§ **What needs to be done**
In the entries below, find every line with "Resort" and copy it.

§ **Materials provided**
::::::

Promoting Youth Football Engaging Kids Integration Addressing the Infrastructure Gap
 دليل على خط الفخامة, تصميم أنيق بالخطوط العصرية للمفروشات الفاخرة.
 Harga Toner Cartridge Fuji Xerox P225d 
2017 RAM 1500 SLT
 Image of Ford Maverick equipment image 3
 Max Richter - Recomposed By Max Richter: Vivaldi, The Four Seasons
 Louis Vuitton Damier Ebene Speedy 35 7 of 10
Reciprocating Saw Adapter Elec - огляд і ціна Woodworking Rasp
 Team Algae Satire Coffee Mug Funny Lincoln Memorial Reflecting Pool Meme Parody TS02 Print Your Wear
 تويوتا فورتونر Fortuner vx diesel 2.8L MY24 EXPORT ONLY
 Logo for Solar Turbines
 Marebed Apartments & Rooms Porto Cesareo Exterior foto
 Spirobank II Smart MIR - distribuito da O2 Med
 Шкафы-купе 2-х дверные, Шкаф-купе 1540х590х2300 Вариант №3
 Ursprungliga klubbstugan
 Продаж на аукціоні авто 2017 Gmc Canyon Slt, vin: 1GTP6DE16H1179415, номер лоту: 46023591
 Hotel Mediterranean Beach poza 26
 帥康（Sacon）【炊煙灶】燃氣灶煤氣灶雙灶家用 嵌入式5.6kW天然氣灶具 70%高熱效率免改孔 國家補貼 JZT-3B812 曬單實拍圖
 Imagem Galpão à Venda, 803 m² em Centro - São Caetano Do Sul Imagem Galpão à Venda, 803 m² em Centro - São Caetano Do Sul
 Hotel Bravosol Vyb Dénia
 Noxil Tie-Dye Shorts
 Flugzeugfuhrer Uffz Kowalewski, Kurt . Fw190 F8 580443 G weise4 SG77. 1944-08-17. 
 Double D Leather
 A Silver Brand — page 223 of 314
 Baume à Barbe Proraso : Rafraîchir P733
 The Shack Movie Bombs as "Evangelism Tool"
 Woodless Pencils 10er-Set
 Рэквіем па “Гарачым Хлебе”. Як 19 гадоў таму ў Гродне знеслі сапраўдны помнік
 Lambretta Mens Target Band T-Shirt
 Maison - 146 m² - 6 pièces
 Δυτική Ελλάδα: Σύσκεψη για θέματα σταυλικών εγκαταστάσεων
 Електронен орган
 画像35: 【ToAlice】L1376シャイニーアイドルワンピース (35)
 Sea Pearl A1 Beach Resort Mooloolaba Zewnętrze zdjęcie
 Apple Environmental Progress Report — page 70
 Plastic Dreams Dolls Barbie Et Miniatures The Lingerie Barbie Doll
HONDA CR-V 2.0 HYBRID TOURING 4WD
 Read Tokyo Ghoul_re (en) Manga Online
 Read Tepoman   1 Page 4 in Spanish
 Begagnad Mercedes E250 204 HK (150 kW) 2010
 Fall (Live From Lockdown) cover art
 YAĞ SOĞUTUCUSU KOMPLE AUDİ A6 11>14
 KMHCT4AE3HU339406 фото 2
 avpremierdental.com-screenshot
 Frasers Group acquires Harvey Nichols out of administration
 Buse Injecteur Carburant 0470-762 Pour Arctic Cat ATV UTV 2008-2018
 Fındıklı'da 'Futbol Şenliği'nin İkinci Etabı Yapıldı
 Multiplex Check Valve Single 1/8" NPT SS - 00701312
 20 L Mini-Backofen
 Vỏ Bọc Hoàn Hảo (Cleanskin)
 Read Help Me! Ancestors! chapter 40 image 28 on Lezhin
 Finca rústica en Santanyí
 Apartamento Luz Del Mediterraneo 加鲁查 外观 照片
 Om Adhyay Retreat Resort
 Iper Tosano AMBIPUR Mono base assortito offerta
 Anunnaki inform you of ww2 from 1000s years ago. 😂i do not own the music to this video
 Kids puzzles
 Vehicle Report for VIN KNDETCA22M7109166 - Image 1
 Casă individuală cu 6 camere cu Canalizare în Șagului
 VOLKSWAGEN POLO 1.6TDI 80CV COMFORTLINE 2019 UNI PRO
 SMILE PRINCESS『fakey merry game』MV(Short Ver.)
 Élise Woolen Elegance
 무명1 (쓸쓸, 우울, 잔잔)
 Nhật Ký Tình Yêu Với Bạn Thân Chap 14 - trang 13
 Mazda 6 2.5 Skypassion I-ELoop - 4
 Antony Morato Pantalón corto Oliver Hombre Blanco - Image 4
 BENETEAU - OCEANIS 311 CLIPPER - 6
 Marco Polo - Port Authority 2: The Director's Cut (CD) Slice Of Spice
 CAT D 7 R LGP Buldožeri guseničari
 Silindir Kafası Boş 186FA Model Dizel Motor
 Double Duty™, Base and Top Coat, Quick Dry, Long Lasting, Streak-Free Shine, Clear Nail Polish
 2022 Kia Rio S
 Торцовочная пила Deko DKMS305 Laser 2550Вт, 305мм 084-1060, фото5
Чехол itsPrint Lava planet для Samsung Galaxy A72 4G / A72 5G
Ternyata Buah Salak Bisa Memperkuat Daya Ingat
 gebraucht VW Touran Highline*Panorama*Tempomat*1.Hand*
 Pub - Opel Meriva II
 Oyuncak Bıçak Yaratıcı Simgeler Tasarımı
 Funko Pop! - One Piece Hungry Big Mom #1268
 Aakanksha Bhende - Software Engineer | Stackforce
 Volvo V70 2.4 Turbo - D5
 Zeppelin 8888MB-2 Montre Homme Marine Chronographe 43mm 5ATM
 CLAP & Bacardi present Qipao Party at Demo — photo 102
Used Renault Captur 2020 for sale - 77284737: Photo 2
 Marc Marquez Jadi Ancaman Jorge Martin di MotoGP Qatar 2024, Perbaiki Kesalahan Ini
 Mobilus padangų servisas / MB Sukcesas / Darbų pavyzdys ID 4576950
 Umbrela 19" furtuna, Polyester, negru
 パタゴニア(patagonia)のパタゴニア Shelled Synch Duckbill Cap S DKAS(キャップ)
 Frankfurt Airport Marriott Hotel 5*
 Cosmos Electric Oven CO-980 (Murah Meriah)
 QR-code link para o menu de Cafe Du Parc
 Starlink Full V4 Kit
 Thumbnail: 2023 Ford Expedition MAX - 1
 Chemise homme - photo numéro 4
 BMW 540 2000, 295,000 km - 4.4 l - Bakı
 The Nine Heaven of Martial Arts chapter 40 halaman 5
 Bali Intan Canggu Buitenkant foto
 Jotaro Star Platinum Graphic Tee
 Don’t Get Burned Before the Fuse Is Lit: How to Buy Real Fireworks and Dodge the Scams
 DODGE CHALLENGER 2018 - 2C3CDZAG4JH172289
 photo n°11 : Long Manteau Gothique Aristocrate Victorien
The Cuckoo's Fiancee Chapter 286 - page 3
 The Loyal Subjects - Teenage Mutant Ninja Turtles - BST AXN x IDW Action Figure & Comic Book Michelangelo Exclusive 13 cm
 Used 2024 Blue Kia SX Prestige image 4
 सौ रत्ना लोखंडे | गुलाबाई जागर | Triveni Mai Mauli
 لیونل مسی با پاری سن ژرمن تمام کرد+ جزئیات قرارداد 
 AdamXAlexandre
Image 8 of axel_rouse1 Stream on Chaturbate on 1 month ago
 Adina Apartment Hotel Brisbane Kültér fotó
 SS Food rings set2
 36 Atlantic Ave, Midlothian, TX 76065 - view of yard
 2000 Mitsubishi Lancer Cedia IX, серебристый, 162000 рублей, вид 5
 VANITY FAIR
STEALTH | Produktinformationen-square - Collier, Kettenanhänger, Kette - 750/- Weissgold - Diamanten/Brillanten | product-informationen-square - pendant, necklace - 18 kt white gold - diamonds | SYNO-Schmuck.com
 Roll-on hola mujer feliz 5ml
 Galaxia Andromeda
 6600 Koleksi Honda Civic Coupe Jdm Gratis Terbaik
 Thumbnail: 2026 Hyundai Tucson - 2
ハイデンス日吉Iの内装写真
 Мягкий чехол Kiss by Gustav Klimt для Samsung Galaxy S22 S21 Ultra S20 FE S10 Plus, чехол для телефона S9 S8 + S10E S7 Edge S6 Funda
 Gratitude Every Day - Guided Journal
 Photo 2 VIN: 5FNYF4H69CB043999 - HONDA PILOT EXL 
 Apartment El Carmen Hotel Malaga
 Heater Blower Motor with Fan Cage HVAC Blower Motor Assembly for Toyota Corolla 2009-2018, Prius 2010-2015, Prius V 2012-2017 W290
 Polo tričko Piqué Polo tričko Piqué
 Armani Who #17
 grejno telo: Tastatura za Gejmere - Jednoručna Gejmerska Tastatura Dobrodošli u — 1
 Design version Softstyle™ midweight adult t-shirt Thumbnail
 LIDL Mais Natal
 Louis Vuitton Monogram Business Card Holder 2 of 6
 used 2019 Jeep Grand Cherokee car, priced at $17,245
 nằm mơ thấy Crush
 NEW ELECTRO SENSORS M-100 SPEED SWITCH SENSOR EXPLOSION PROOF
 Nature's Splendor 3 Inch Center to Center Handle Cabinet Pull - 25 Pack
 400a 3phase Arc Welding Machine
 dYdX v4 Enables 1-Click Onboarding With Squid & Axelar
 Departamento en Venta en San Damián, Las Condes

::::::

§ **Reply**
 Sea Pearl A1 Beach Resort Mooloolaba Zewnętrze zdjęcie
 Om Adhyay Retreat Resort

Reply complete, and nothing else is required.